The Challenges Of Communication In Architectural Design

People tend to travel in groups that they identify with. We tend to gravitate toward colleagues or friends that “get us” and that we can share some level of connection with. Those connections build trust and rapport over time. It’s great to have a close nit group of friends or family but we live in a diverse world. Many young architects don’t begin to understand the importance of communication until they are forced to step out of their comfort zone and interact with people from different backgrounds and life experiences. Communication is critical to delivering a successful project to a client. The challenge is communicating a design to a client that has a different background, life experience, expertise and expectation of the project, all of which they bring with them to the design and construction process.

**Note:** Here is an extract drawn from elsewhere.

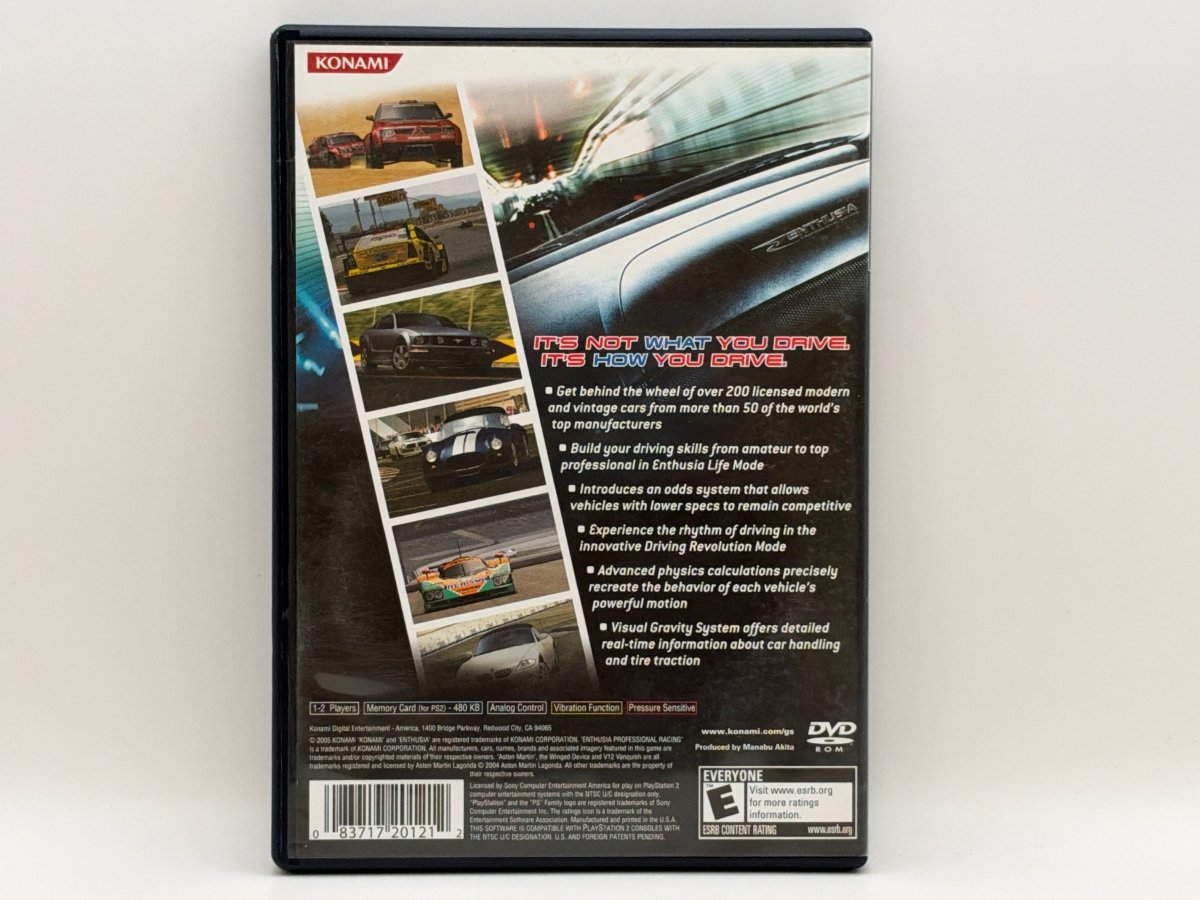 Enthusia Professional Racing CL01 (CIB) PlayStation 2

Architects usually excel in visualizing projects, but many times they lack the skills to effectively communicate that vision to clients. Many schools of architecture do little to train students in effective communication and focus rather on math, theory or other technical subjects. Many of the lessons of effective communication are learned by the student outside of the classroom, usually in real world scenarios which many times can be hard lessons to learn. Many clients would rather work with experienced design professionals in lieu of younger architects because many of the younger architects lack these real-world experiences and in turn communication skills which can have a significant impact on the project.

One major source of miscommunication usually starts early in the project when the vision that the architect develops in their own mind looks different than the vision that the client has, and the architect has not effectively communicated his/her vision to bring this difference to light. Sometimes architects make upfront assumptions about the direction of the project and they wrongly assume that their vision is also what the client wants. Everyone appears to be going along in the design process without a hitch until it all comes to a head and you have a dissatisfied client. The worst-case scenario is when the client doesn’t realize that his vision is different from the architect until they see the built product. This can lead to buyer’s remorse, project dissatisfaction, lost money, lost time and anger toward to the architect.

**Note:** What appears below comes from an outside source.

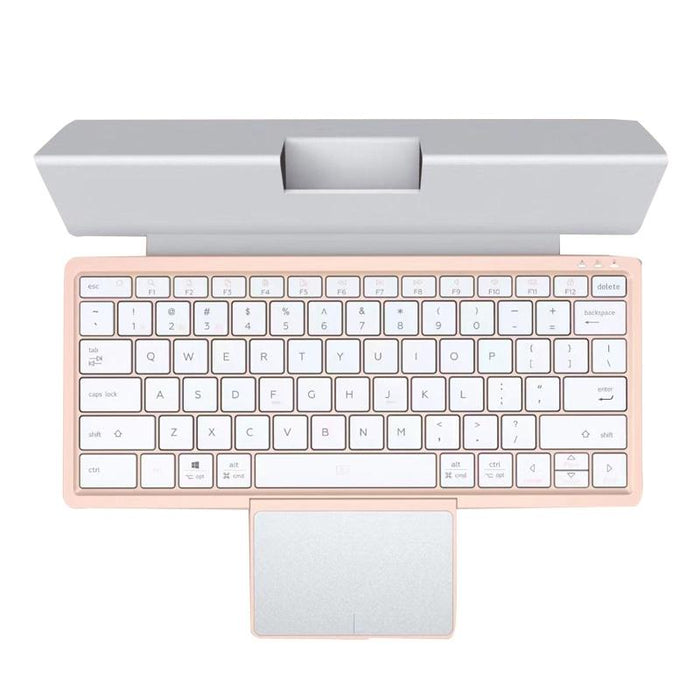 78-Key Portable Bluetooth Keypad With Hidden Touchpad & Pu Leather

The differences in visions between the architect and client is directly related to a lack of communication but it is further complicated by what psychologist call “pseudo-communication”. Merriam-Webster defines pseudo to mean “being apparently rather than actually as stated”. Using this definition, pseudo-communication is defined as apparently communicated rather than actually communicated. I have seen this many time over my professional career. People think they are communicating and on the same page when in fact they are saying two different things. Often familiar words are used but people interpret the words differently depending on their own background. When this happens, it can have a negative effect on a project, the miscommunication many times is not brought to light until later in the design or construction process and after the project has been negatively impacted.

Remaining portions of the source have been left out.